Le phénomène de partage via les outils numériques n’est pas aussi massif en SHS que dans les sciences dures. Il s’agit là aussi de pratiques et de traditions disciplinaires différentes. Les chercheurs de sciences dures construisent ensemble leur savoir : ils publient, font des expériences, vont aux mêmes colloques internationaux. Ils travaillent collectivement au laboratoire. Ils ont une véritable « tradition » de travail en collaboration. En SHS, les recherches sont majoritairement plus solitaires. Le travail d’équipe est moins fréquent qu’en sciences dures.
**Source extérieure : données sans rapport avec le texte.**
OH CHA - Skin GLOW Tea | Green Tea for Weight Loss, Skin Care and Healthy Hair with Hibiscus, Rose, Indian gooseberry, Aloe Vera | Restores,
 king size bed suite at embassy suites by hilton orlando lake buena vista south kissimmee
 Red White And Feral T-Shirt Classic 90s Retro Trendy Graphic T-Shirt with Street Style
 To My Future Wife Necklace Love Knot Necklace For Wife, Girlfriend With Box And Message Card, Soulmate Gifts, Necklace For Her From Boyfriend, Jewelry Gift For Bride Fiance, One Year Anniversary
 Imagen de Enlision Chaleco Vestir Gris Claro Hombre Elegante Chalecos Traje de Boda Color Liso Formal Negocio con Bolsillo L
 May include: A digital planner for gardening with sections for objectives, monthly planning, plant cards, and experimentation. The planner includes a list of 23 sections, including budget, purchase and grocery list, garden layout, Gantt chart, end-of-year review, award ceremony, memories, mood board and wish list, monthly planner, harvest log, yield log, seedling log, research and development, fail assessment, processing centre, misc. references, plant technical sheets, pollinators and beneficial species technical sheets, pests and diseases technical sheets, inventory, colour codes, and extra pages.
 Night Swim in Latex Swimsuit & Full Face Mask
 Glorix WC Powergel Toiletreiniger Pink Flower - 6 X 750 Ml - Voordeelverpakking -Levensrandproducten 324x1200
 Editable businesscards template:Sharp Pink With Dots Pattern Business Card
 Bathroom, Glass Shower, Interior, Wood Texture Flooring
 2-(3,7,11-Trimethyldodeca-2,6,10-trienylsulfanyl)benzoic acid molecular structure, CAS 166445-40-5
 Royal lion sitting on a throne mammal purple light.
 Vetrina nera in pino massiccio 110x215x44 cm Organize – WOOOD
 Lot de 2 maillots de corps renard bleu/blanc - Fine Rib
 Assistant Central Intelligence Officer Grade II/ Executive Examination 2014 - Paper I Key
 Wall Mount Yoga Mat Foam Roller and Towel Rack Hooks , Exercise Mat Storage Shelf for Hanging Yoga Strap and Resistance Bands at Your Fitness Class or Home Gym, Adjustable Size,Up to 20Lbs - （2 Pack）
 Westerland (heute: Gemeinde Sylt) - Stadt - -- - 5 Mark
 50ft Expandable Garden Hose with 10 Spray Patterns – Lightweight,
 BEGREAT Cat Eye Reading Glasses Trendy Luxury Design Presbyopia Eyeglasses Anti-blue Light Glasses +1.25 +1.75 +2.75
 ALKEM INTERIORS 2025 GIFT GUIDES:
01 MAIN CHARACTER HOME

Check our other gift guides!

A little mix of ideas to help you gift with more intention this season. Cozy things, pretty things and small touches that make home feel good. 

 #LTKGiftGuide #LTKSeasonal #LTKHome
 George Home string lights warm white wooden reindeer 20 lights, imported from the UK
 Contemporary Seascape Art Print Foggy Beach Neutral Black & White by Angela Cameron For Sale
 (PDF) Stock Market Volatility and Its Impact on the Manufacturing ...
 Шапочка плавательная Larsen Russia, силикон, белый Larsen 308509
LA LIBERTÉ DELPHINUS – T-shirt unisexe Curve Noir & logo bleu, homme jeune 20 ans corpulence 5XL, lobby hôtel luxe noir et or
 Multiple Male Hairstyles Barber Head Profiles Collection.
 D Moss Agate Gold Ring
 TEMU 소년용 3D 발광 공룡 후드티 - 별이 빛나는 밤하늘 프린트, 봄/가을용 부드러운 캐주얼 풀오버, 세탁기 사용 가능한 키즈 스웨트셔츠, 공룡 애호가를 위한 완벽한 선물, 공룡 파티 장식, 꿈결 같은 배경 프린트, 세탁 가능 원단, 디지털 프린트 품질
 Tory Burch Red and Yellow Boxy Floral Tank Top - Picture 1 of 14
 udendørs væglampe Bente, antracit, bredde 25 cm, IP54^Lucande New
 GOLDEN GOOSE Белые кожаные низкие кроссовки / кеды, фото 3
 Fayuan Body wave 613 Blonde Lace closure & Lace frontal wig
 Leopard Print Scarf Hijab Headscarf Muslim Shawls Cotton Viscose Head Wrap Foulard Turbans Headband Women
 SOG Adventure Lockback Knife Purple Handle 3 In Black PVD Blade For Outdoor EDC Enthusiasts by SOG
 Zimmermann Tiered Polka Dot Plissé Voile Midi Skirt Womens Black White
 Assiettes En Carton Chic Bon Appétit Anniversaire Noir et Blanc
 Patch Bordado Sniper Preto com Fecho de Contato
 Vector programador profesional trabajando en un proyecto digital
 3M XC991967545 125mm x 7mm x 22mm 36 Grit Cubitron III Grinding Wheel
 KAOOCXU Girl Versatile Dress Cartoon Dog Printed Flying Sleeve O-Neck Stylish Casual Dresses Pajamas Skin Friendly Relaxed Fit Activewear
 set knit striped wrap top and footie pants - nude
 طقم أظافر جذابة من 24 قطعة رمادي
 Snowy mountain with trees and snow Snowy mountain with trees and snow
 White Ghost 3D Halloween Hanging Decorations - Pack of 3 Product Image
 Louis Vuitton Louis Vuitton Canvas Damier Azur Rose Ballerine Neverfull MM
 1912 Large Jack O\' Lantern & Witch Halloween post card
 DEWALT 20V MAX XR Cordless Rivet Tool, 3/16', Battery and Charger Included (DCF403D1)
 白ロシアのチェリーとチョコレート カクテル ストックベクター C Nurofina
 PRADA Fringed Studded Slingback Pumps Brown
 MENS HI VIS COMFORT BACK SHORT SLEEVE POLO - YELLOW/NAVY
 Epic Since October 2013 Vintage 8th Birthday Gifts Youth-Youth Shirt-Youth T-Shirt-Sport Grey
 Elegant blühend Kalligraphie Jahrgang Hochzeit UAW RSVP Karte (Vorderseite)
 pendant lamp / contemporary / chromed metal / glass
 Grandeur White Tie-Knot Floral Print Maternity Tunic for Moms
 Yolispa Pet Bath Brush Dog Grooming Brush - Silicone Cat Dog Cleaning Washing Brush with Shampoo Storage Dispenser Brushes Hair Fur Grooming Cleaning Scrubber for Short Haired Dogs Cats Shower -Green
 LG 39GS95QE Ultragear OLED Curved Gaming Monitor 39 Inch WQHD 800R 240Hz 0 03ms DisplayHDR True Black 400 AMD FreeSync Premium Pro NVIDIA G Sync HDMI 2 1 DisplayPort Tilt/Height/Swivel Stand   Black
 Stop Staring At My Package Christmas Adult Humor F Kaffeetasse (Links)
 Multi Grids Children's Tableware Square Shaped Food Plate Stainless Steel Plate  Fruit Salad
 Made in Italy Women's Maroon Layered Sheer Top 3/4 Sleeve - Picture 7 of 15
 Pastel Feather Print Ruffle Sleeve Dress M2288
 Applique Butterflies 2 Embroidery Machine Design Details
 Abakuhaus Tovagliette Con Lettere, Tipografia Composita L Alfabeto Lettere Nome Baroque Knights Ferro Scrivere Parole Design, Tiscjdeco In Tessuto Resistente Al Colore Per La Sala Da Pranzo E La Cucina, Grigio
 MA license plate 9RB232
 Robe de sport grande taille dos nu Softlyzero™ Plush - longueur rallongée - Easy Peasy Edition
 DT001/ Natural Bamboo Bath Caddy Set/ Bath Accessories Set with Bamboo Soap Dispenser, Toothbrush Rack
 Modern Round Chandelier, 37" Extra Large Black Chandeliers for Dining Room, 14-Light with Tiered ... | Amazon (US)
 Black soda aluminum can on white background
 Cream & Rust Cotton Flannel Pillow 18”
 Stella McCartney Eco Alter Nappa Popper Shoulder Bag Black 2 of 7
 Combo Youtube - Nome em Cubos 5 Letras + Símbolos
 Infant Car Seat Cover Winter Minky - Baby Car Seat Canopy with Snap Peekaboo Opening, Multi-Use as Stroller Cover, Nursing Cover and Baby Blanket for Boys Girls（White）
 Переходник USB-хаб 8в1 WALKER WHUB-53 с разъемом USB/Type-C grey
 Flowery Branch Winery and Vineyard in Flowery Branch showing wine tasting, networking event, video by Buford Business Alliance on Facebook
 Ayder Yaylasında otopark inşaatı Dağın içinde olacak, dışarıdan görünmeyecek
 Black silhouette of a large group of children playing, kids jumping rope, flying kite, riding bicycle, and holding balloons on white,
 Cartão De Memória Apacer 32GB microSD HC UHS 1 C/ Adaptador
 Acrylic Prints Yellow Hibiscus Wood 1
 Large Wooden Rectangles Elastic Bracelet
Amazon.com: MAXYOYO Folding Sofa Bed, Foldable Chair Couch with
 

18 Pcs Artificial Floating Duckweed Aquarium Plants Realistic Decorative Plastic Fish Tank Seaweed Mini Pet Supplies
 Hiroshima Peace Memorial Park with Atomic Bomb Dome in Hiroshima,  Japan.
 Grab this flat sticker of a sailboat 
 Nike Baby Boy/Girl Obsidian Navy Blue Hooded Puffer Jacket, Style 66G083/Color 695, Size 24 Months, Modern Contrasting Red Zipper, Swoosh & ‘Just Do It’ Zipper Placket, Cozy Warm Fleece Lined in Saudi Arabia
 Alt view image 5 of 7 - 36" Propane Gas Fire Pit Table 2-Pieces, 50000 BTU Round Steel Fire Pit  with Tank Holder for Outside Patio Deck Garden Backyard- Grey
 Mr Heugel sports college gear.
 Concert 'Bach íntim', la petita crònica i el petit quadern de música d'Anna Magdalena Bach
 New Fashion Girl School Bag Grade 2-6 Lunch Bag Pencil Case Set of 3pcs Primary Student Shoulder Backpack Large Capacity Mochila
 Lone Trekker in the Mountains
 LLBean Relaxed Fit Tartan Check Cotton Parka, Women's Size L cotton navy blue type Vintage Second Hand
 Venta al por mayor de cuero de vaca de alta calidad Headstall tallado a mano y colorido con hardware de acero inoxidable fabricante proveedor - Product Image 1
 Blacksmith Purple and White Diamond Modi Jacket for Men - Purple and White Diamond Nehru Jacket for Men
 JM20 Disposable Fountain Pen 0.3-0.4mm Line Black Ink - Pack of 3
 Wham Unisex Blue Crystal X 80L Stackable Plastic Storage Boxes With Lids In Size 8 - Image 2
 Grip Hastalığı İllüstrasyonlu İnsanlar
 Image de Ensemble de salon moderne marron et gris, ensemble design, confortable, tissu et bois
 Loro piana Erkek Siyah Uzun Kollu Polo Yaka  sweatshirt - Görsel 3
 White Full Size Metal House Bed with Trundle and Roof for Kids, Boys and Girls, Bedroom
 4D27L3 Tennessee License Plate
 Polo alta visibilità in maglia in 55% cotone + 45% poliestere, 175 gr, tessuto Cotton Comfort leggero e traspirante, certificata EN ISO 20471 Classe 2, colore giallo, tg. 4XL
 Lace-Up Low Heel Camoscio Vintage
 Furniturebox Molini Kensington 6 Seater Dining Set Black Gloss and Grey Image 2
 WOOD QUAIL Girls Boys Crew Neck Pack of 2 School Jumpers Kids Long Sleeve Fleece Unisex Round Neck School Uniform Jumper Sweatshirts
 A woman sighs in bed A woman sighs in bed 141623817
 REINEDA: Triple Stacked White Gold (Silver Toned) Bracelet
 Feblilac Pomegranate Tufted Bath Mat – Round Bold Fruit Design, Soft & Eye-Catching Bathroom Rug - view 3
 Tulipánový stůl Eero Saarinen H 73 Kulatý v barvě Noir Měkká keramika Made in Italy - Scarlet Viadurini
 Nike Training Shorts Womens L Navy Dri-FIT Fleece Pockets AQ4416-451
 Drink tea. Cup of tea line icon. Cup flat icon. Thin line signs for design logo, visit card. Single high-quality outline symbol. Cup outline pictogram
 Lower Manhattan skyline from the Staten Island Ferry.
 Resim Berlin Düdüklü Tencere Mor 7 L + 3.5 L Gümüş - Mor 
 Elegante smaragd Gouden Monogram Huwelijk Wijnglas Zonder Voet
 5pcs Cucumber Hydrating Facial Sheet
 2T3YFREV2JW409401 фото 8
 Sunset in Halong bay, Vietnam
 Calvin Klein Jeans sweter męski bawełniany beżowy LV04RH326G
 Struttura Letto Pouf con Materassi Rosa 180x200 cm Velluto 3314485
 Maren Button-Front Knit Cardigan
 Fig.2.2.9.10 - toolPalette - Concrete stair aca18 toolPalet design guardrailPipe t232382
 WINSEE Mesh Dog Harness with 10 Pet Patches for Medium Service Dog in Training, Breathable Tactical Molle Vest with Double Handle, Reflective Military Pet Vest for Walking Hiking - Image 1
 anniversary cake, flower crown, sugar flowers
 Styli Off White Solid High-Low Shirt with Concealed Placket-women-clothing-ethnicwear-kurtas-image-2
La communauté de chercheurs est plus éclatée et dans un certain sens, il y a peu de paradigmes unificateurs. Ce constat conduit a fortiori au fait que les chercheurs en SHS partagent peu leur système de diffusion de l’information. Il y a pourtant un enjeu autour de ces problématiques : il faut que les informations et le savoir soient visibles, qu’ils circulent et soient mis en interconnexion au niveau international. Cet enjeu traverse tous les champs et disciplines scientifiques. Reste à savoir maintenant si tous les chercheurs partagent cet enjeu et veulent l’intégrer dans leurs pratiques professionnelles. On peut se dire que c’est un mouvement en marche ne serait-ce que parce la recherche publique n’est plus financée de la même façon. On incite les chercheurs à répondre à des appels d’offre (ANR) à s’inscrire dans des projets (PCRD) et à leur donner une dimension internationale.

 

Il y a aussi des formes d’incitation pour que les chercheurs déposent leurs articles en ligne ?

Oui, c’est exact. Mais il n’y a pas d’obligation sauf dans quelques universités ou institutions de recherche. Il y a des universités aux Etats-Unis, en Belgique où le dépôt en ligne est obligatoire. En France, ce n’est pas le cas. L’AERES incite les chercheurs à déposer sur une archive en ligne de leur choix mais il n’y a pas de vérification à notre connaissance. Il y a des domaines, comme la médecine, où les chercheurs le font plus aisément toute simplement parce qu’ils s’alignent sur les pratiques dominantes des Etats-Unis.

Toutefois, je suis persuadée qu’il nous faut rapidement mettre en place une vraie politique nationale en matière d’édition numérique sans détruire les systèmes éditoriaux existants, du moins ceux qui ont prouvé leur efficience à ce jour. C’est aussi une question de qualité de la recherche, de qualité de sa diffusion et de sa transmission.
A l’heure actuelle, au sein du GFII (Groupement Français des Industries de l’Information) sont réunis des éditeurs et des représentants de la recherche afin d’envisager des modalités partagées par l’ensemble des parties.

 

Dans ce cadre, en terme d’usages, pensez-vous que les pratiques professionnelles des chercheurs en matière de recherche d’informations, de documentation et de publication ont changé ?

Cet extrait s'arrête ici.